Le directeur du PNUD Achim Steiner explique dans cette interview comment le numérique fait avancer le développement durable mais met en garde contre le détournement des données.

12.07.2019
Achim Steiner, le directeur du Programme des Nations unies pour le développement
Achim Steiner, le directeur du Programme des Nations unies pour le développement © dpa

Achim Steiner est actuellement l’Allemand ayant le plus haut poste au sein des Nations unies. Il dirige depuis 2017 le Programme des Nations unies pour le développement (PNUD) qui agit dans 170 pays et dispose d’un budget annuel de 4,6 milliards de dollars. Dans cet entretien, M. Steiner explique pourquoi il est loin de considérer les Nations unies comme anachroniques – malgré les critiques et les crises.

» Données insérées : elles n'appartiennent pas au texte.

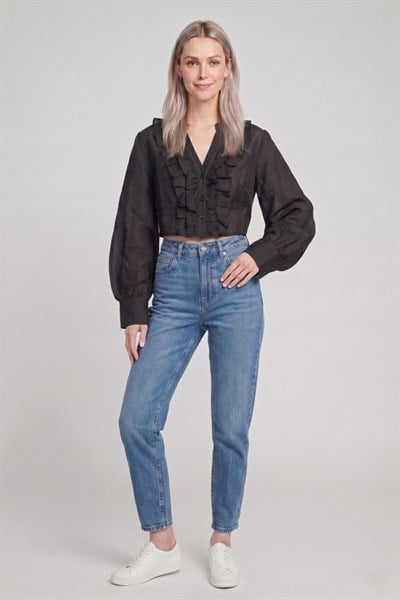 Kadın Fırfır Detaylı Crop Bluz M2814 Siyah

M. Steiner, nous vivons une époque de transformation radicale allant du populisme croissant à la transition énergétique et à la numérisation en passant par le déplacement géopolitique des pouvoirs. Le système international que nous connaissions est soumis à la critique. Craignez-vous parfois pour l’avenir de l’ONU ?
Craindre n’est pas le mot juste. Mais nous devons effectivement réfléchir à la manière de conserver le système international que nous avons édifié avec maints efforts pendant plus de 70 ans. Car, malgré toutes les critiques et l’idée souvent exprimée qu’il ne s’y passe pas suffisamment de choses, c’est en fait un instrument étonnant. Les Nations unies permettent au monde tant de choses qui n’avaient encore jamais existé dans l’histoire humaine et auxquelles on ne les associe pas toujours.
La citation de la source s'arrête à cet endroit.